THE PROBLEM:
Look through the lines below and extract each one that contains "Jeep".

(Short text fragments from websites)
"""

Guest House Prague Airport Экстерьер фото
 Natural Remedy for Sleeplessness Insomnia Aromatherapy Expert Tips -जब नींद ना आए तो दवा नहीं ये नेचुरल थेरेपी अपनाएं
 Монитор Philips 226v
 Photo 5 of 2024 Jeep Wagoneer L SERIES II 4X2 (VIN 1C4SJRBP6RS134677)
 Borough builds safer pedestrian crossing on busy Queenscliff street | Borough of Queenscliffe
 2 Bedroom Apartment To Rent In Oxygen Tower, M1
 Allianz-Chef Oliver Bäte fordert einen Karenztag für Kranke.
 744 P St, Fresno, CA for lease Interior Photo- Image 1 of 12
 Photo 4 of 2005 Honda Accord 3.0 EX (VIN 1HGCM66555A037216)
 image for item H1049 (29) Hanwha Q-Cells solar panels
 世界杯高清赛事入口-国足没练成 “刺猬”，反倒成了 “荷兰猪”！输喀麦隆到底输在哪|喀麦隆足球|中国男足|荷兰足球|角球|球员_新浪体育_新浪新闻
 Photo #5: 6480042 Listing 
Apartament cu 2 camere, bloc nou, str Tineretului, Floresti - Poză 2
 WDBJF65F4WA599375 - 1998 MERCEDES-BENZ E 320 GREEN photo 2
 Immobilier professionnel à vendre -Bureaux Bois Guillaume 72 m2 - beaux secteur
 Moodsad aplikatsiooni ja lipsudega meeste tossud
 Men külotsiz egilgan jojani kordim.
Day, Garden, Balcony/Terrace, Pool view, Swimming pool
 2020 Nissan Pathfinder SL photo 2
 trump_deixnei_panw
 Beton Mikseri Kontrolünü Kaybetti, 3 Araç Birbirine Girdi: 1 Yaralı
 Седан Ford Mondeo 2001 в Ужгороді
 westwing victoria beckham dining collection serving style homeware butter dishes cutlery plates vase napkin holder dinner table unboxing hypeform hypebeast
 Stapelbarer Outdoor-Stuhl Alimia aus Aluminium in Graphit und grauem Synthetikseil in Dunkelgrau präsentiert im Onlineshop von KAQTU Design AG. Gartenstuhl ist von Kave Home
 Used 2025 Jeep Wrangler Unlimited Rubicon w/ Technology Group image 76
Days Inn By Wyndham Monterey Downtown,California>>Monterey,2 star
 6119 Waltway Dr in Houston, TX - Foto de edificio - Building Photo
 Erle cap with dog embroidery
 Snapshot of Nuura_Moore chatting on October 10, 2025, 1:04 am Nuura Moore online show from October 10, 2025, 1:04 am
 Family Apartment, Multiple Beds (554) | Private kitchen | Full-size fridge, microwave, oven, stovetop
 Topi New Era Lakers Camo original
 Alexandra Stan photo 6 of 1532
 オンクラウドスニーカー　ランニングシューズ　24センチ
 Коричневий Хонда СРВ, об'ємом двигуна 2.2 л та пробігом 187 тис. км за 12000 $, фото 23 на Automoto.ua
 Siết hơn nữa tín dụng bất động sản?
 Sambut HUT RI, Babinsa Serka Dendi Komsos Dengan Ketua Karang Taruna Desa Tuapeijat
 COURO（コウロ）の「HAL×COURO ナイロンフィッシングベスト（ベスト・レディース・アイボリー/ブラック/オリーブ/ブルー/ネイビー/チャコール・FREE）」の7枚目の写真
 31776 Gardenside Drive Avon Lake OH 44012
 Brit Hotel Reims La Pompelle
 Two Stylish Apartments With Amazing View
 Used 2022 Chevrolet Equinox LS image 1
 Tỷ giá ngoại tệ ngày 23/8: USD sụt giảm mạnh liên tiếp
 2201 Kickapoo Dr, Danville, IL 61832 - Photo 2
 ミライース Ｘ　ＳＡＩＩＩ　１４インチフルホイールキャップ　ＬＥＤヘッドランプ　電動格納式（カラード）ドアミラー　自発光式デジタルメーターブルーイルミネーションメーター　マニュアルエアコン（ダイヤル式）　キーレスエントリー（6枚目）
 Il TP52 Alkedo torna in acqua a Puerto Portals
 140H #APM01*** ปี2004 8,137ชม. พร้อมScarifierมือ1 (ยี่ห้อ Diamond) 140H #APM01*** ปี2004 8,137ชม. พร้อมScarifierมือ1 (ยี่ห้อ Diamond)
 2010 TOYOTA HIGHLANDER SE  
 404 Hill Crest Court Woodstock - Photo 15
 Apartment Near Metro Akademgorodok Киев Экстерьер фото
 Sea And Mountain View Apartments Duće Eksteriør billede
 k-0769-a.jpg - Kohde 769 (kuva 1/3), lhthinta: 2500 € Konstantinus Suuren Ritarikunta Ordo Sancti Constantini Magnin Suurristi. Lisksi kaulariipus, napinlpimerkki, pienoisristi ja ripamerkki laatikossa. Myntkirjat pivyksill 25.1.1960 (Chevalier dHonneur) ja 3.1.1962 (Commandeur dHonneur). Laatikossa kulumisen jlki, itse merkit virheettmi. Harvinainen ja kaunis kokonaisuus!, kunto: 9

"""

SOLUTION FOR THIS TASK:
 Photo 5 of 2024 Jeep Wagoneer L SERIES II 4X2 (VIN 1C4SJRBP6RS134677)
 Used 2025 Jeep Wrangler Unlimited Rubicon w/ Technology Group image 76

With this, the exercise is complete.